Captioned web images:
'''
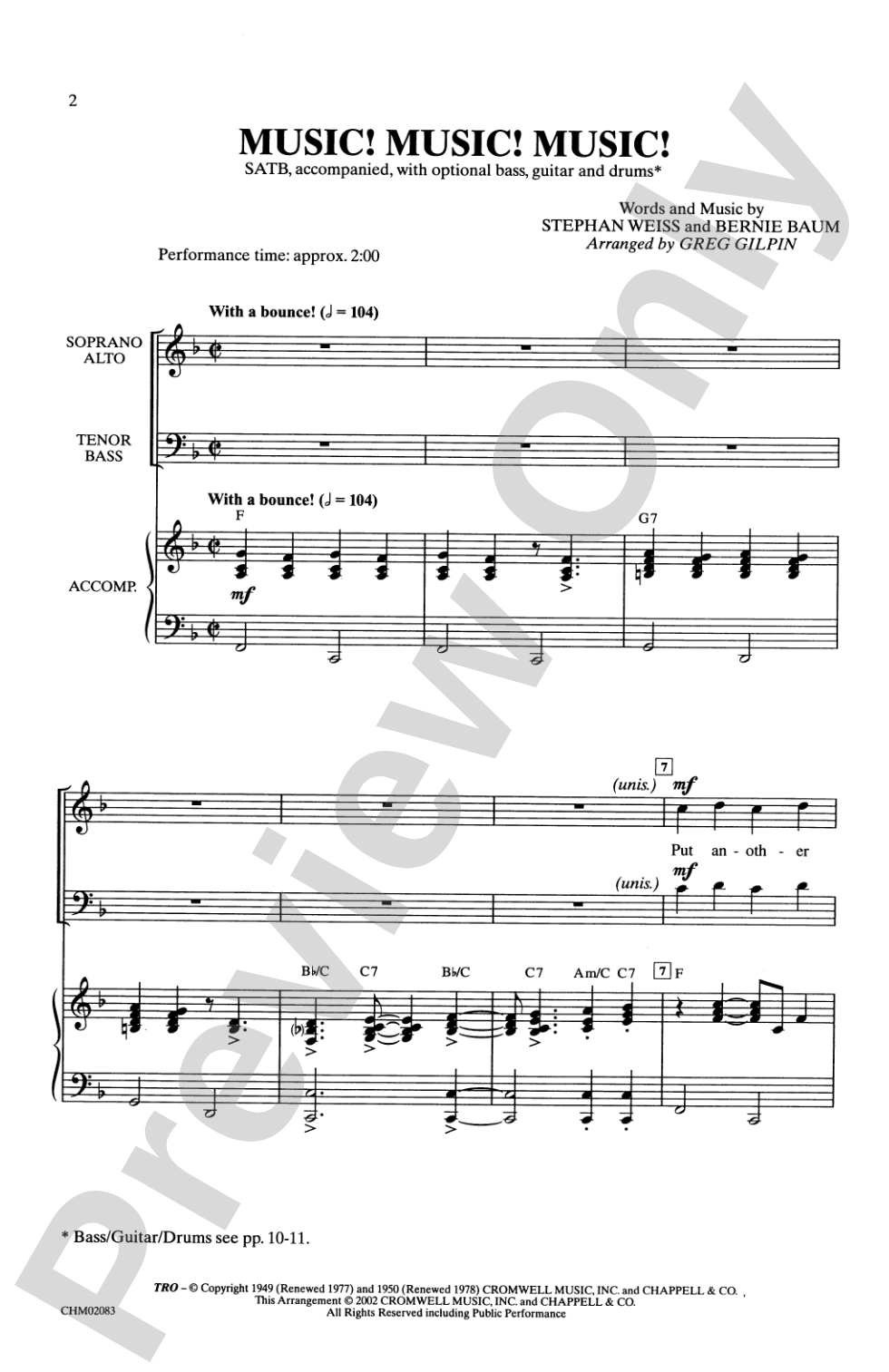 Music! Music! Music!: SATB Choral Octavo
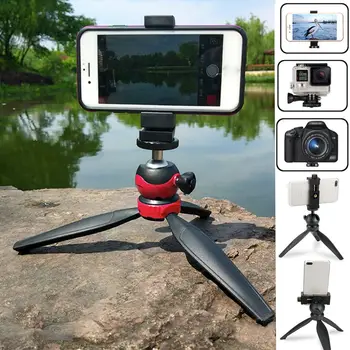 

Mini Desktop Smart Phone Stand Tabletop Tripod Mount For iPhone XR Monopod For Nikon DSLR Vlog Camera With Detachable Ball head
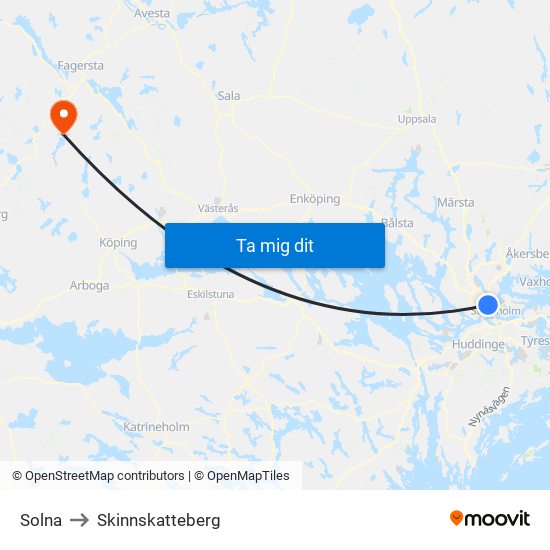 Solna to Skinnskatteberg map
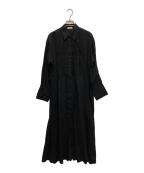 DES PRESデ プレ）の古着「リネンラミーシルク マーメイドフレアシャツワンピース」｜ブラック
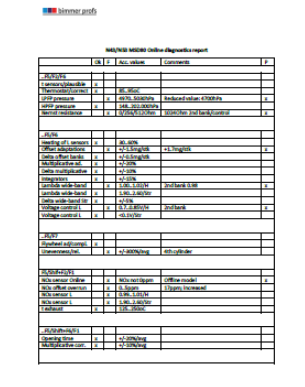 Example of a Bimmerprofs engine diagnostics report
'''
What the task requires: The copy you give must run from the line containing "DES PRESデ プレ）の古着「リネンラミーシルク" through the last line of the records, exactly, with the pictures left out.

Exercise answer:
 DES PRESデ プレ）の古着「リネンラミーシルク マーメイドフレアシャツワンピース」｜ブラック
 Example of a Bimmerprofs engine diagnostics report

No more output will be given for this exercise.